Directions for this task: A faithful copy of the data, pictures omitted, is the required answer.

Data below:
Content starts
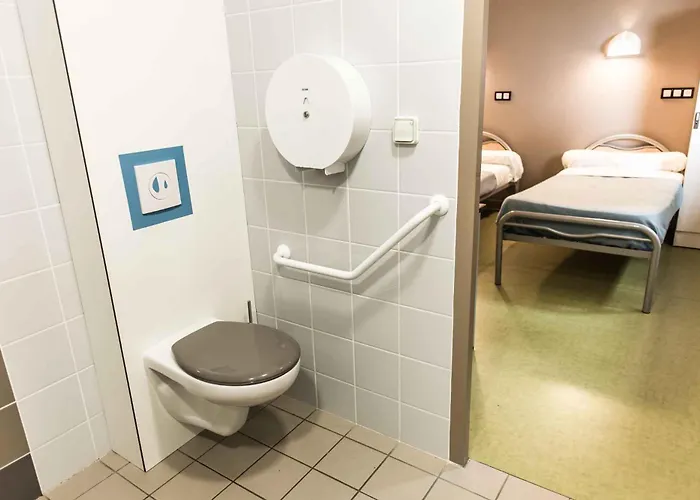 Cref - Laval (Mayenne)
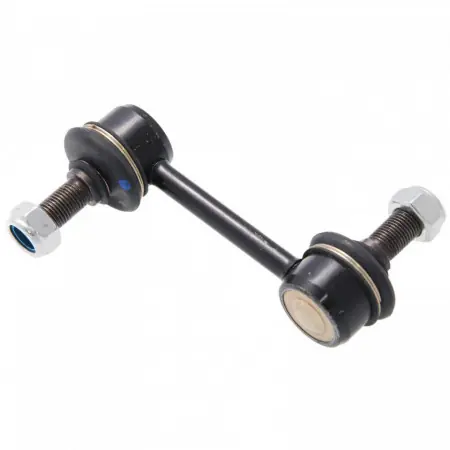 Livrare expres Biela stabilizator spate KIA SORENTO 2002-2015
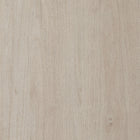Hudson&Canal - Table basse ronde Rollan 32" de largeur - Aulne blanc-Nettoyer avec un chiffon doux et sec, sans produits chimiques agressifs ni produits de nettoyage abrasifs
Content ends
Exercise output:
 Cref - Laval (Mayenne)
 Livrare expres Biela stabilizator spate KIA SORENTO 2002-2015
Hudson&Canal - Table basse ronde Rollan 32" de largeur - Aulne blanc-Nettoyer avec un chiffon doux et sec, sans produits chimiques agressifs ni produits de nettoyage abrasifs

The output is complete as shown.